BEGIN Data shown
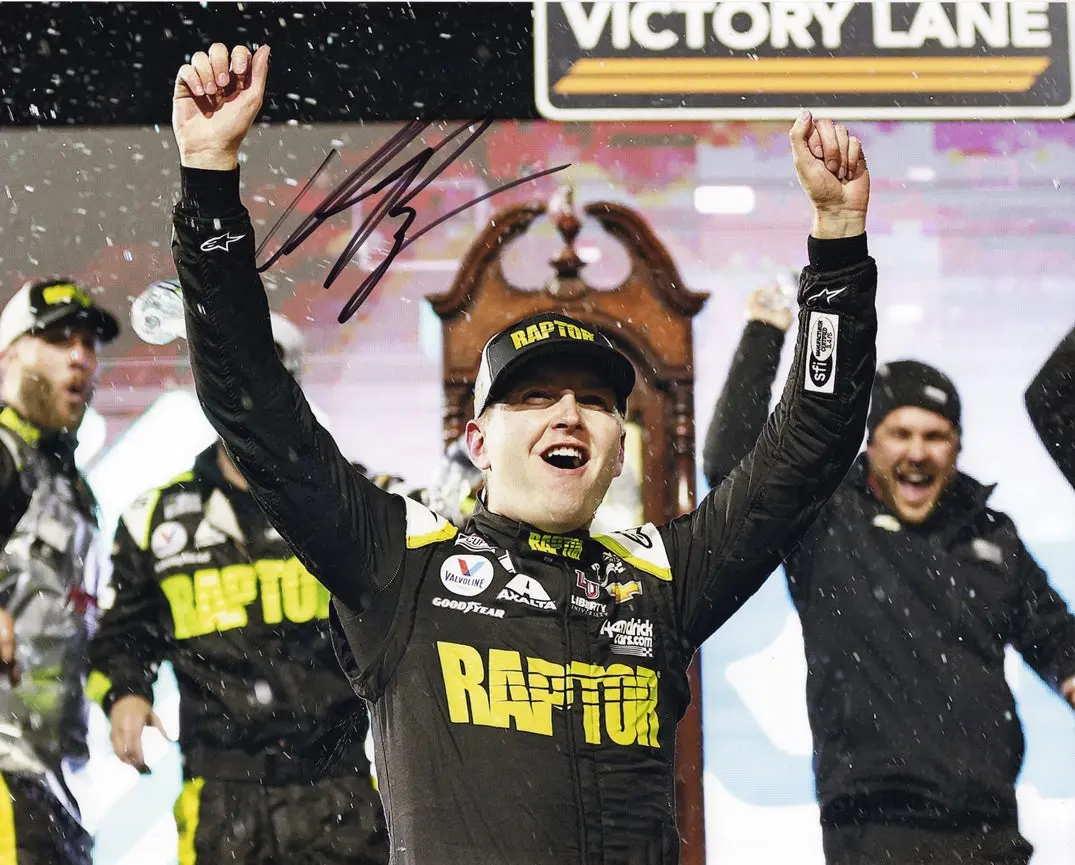 Autographed 2022 William Byron #24 Raptor Racing Martinsville Race Win (Victory Lane Grandfather Clock) Signed 8X10 Inch Picture Nascar Glossy Photo With Coa 1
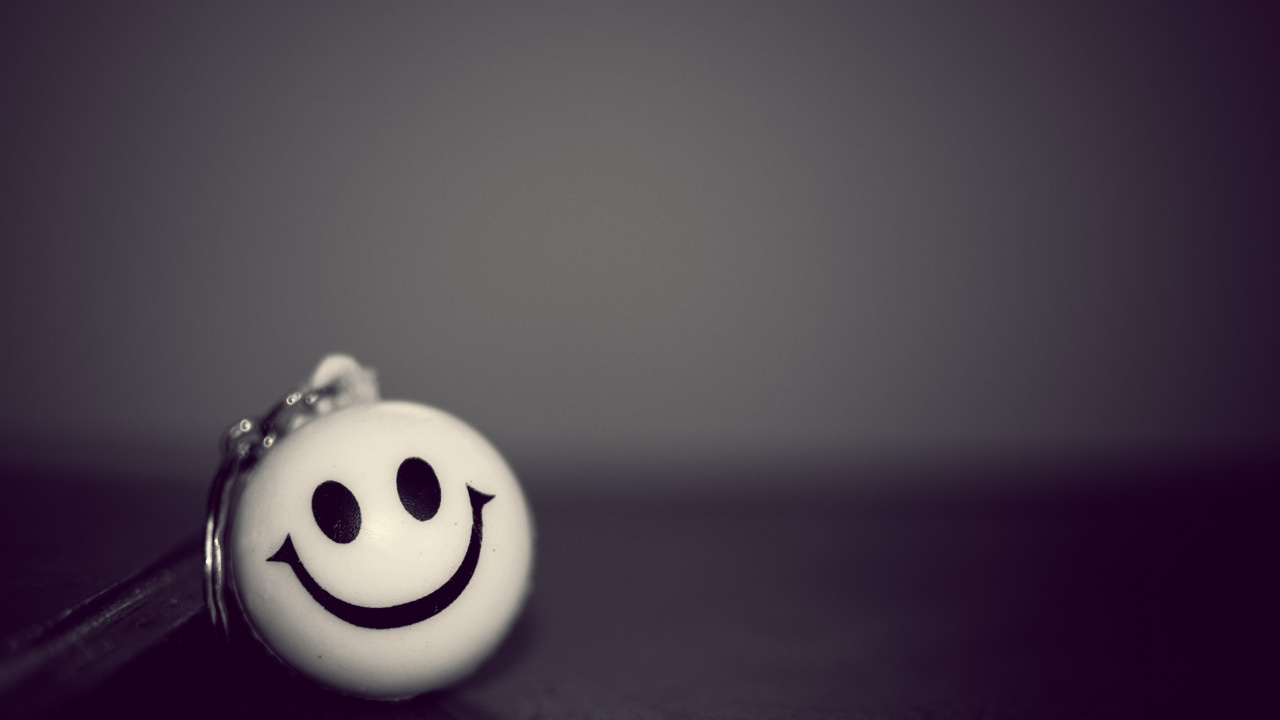 Emoticon Smiley Blanco y Negro. Wallpaper in 1280x720 Resolution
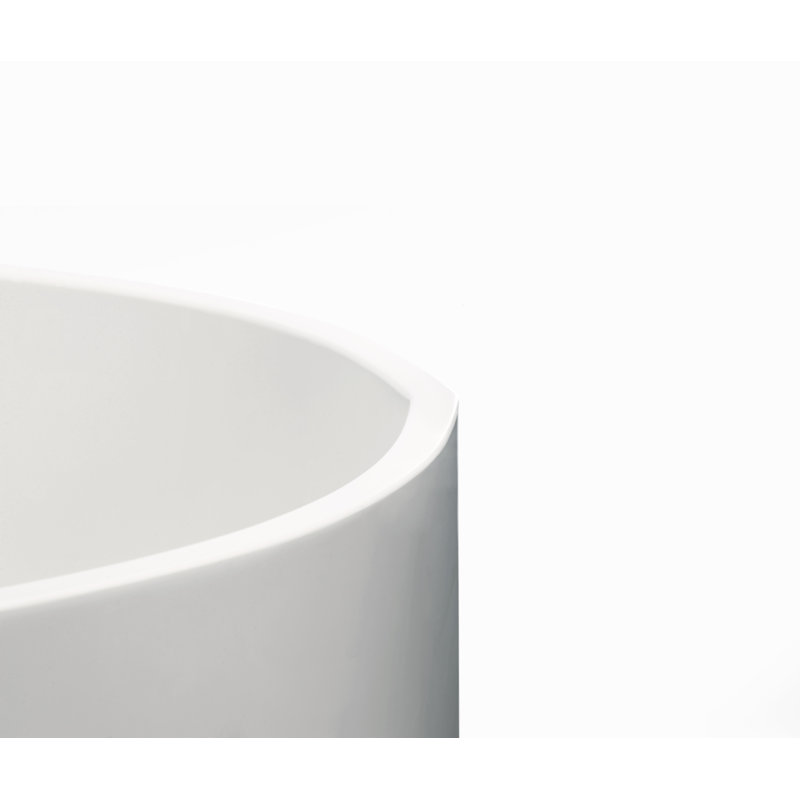 BE 65'' x 34'' Soaking Solid Surface Bathtub, Brushed Nickel, Matte White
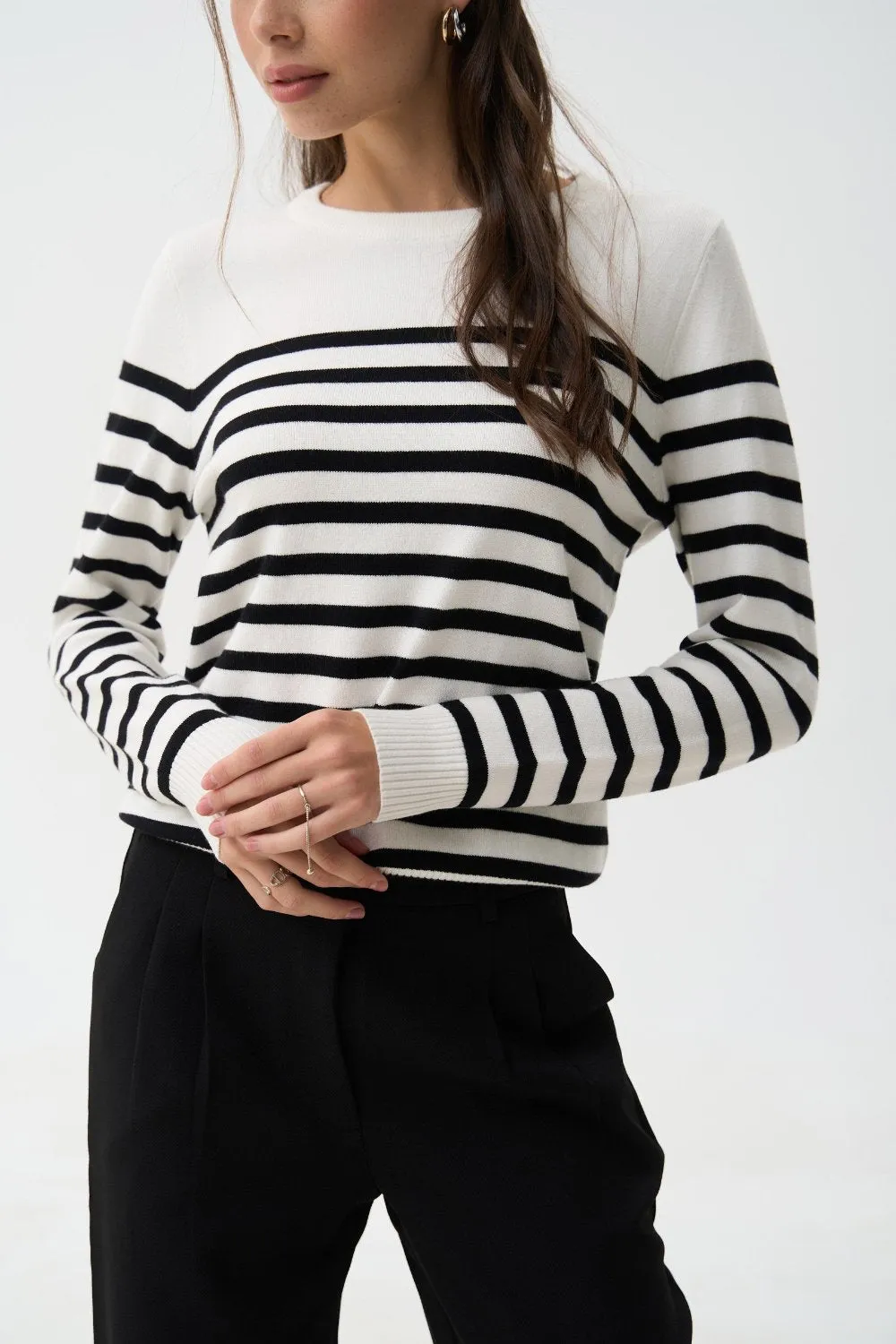 Black Striped Knit Sweater with a Crew Neck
END Data shown
Task:
Set down the line containing "BE 65'' x 34''", then every later line through the end of the material, exactly as written; omit any picture.

Exercise answer:
 BE 65'' x 34'' Soaking Solid Surface Bathtub, Brushed Nickel, Matte White
 Black Striped Knit Sweater with a Crew Neck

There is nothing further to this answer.